- **Aim of the exercise**
Transcribe exactly each line of the entries, from the opening line to the line with "विद्या के चेहरे", with both of those lines included.

- **Stored items**
>>
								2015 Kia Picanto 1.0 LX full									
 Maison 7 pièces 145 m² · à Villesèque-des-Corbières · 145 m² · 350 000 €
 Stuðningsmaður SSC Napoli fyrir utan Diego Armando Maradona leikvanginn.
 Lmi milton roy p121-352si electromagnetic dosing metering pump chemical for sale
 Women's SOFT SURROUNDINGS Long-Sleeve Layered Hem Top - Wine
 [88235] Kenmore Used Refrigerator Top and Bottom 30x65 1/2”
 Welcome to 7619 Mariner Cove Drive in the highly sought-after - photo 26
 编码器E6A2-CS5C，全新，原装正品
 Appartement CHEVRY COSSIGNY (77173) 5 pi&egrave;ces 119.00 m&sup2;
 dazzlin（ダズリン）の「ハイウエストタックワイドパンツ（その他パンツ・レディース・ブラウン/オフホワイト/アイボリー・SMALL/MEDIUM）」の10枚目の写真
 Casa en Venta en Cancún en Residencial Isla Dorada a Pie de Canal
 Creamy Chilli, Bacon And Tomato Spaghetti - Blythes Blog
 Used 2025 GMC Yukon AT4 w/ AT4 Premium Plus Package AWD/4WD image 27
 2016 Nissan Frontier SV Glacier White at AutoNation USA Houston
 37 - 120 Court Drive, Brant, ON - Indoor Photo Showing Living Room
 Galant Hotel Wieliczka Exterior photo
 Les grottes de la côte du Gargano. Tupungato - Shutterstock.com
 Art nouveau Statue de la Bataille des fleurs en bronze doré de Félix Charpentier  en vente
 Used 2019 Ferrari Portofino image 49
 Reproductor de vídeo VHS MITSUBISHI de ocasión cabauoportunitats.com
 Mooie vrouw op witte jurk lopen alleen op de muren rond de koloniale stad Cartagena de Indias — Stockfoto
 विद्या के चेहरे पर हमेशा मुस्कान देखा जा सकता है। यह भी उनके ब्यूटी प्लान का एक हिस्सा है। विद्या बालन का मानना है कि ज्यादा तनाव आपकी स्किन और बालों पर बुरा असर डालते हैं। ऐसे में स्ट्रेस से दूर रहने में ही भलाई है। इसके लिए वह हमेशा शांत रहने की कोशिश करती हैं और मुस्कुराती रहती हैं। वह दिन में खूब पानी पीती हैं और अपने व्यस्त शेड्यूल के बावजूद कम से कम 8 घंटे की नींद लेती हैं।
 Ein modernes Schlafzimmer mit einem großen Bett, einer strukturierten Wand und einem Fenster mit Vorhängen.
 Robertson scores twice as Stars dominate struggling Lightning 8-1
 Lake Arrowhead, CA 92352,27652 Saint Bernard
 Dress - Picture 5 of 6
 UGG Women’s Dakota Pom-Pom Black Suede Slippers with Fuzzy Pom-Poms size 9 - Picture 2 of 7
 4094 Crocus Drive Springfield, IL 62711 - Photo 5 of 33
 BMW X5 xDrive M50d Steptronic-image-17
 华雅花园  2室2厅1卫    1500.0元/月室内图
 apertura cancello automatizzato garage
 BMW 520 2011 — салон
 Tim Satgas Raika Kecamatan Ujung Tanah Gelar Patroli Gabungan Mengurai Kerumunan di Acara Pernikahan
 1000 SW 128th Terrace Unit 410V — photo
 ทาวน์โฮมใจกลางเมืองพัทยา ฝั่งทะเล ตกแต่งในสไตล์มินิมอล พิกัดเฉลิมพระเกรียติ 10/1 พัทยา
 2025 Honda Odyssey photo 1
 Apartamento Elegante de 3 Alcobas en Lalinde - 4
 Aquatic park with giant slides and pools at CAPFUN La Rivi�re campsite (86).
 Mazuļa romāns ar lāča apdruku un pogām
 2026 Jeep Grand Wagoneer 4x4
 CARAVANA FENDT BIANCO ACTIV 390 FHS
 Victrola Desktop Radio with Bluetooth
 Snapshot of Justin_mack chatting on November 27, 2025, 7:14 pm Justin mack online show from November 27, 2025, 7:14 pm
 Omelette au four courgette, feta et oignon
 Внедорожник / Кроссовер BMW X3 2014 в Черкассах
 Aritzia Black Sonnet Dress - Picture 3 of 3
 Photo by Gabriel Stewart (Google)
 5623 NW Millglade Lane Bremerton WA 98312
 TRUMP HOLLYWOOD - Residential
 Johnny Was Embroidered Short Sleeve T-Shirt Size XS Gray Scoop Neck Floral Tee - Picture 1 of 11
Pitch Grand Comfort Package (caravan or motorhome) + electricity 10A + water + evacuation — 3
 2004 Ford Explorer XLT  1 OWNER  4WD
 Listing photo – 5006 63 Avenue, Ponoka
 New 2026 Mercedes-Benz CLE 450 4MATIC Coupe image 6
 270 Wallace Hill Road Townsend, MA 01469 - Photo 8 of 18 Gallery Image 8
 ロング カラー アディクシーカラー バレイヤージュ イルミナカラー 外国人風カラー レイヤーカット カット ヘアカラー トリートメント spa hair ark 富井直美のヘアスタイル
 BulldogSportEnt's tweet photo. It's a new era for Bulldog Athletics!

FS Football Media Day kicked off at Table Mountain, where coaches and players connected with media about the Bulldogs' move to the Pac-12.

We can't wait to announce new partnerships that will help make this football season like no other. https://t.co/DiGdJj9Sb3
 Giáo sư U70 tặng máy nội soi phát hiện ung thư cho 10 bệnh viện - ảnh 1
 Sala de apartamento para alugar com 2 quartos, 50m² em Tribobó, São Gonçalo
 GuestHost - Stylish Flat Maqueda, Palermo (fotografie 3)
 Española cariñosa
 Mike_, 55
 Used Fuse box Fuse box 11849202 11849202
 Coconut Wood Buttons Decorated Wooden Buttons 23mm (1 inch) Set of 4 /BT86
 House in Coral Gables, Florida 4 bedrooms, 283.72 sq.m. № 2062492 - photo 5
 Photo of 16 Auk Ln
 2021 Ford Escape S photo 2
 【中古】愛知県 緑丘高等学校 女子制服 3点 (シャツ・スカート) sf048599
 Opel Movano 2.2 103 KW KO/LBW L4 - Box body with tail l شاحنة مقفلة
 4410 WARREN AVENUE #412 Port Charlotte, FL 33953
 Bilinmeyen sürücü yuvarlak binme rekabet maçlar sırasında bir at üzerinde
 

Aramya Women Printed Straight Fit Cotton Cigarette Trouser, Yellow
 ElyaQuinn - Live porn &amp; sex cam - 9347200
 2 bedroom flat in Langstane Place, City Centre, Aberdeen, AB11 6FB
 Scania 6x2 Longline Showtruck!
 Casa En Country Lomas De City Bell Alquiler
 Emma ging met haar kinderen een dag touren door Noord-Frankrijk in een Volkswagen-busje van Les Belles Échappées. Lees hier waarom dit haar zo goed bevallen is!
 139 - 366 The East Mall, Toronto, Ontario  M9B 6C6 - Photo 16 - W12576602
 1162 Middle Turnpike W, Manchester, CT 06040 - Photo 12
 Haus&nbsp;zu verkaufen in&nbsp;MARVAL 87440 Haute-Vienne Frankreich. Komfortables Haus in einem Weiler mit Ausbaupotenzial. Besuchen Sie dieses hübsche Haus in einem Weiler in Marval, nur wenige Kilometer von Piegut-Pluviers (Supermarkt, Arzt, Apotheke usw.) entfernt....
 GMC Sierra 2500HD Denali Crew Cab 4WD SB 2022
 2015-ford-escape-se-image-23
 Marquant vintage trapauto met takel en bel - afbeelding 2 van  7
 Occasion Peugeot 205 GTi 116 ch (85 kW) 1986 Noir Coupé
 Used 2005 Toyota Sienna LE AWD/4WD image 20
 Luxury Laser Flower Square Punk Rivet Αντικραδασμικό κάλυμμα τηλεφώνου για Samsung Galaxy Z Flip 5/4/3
<<
- **Answer section**
								2015 Kia Picanto 1.0 LX full									
 Maison 7 pièces 145 m² · à Villesèque-des-Corbières · 145 m² · 350 000 €
 Stuðningsmaður SSC Napoli fyrir utan Diego Armando Maradona leikvanginn.
 Lmi milton roy p121-352si electromagnetic dosing metering pump chemical for sale
 Women's SOFT SURROUNDINGS Long-Sleeve Layered Hem Top - Wine
 [88235] Kenmore Used Refrigerator Top and Bottom 30x65 1/2”
 Welcome to 7619 Mariner Cove Drive in the highly sought-after - photo 26
 编码器E6A2-CS5C，全新，原装正品
 Appartement CHEVRY COSSIGNY (77173) 5 pi&egrave;ces 119.00 m&sup2;
 dazzlin（ダズリン）の「ハイウエストタックワイドパンツ（その他パンツ・レディース・ブラウン/オフホワイト/アイボリー・SMALL/MEDIUM）」の10枚目の写真
 Casa en Venta en Cancún en Residencial Isla Dorada a Pie de Canal
 Creamy Chilli, Bacon And Tomato Spaghetti - Blythes Blog
 Used 2025 GMC Yukon AT4 w/ AT4 Premium Plus Package AWD/4WD image 27
 2016 Nissan Frontier SV Glacier White at AutoNation USA Houston
 37 - 120 Court Drive, Brant, ON - Indoor Photo Showing Living Room
 Galant Hotel Wieliczka Exterior photo
 Les grottes de la côte du Gargano. Tupungato - Shutterstock.com
 Art nouveau Statue de la Bataille des fleurs en bronze doré de Félix Charpentier  en vente
 Used 2019 Ferrari Portofino image 49
 Reproductor de vídeo VHS MITSUBISHI de ocasión cabauoportunitats.com
 Mooie vrouw op witte jurk lopen alleen op de muren rond de koloniale stad Cartagena de Indias — Stockfoto
 विद्या के चेहरे पर हमेशा मुस्कान देखा जा सकता है। यह भी उनके ब्यूटी प्लान का एक हिस्सा है। विद्या बालन का मानना है कि ज्यादा तनाव आपकी स्किन और बालों पर बुरा असर डालते हैं। ऐसे में स्ट्रेस से दूर रहने में ही भलाई है। इसके लिए वह हमेशा शांत रहने की कोशिश करती हैं और मुस्कुराती रहती हैं। वह दिन में खूब पानी पीती हैं और अपने व्यस्त शेड्यूल के बावजूद कम से कम 8 घंटे की नींद लेती हैं।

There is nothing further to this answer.